В письмах Тамаре писал, что работает в Кремле «с отвращением»: но тут никакой оппозиции нет — просто жизнь стремилась к литературе, а кремлёвская работа была скучная и однообразная — вот только что Ленина видел разок, и всё.
Наконец, в 1924 году Луговской демобилизуется.
Он втайне заключает брак с Тамарой Груберт, о чём постфактум пишет её матери письмо весьма сомнительного содержания: «Мы сочли нужным наши отношения оформить… причём… я оставляю Тамару совершенно свободным человеком, каким она была до сих пор. Она сейчас ещё очень хрупка и не сформировалась психически, как человек… Поэтому я предоставляю Тамаре полную свободу и самостоятельность».
Родители Луговского тоже обо всём узнают постфактум. Отец — отчитывается Володя молодой жене — «назвал нас дураками, обещал меня выпороть, но сменил гнев на милость… мама, к моему удивлению, целиком приветствует нас».
Характерно, что сама Тамара, даже после заключения брака, желания жить с Луговским совместно не изъявляла. (Сам Володя характеризовал, хоть и в шутку, свою жену как «капризную», «лохматую» — мы понимаем, что речь здесь идёт о натуре, но не о причёске, и «нахальную», а сестра его Таня, в письмах брату тех лет, совершенно всерьёз называла Груберт «чужой», «своевольной» и «властной».)

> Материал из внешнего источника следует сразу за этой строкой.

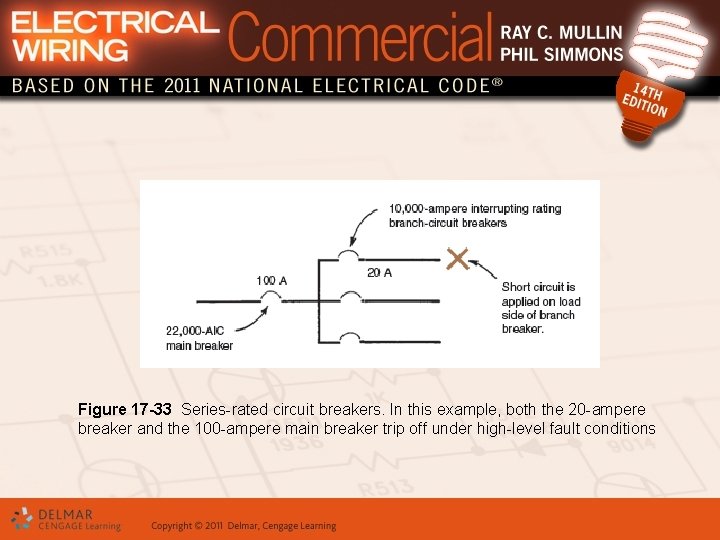 Figure 17 -33 Series-rated circuit breakers. In this example, both the 20 -ampere breaker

В том же году, зимой, Луговской пишет ещё сбивчивые, ещё юношеские, но уже в чём-то пророческие стихи, проглядывая судьбу свою:
«Год седьмой в тяжёлый грохот канул… / Год восьмой — упорство укреплю. — Луговской отсчитывает своё бытие от года революции. — / Но судьба, змеящимся арканом / Мне на горло кинула петлю. <…> Каяться мне вовсе не пристало. / Прошлое бесчестить — не хочу. / Сам я сапогом давил усталым, / Сам уподоблялся палачу. / А теперь оправдываться странно, / Жизнь ведь к обвиняемым строга. / Многие твердили мне пространно, / Что свалюсь я к чёрту на рога. / Поздно поворачивать обратно, / Мир на повороте отупел. / Нужно погружаться троекратно, / В новую холодную купель».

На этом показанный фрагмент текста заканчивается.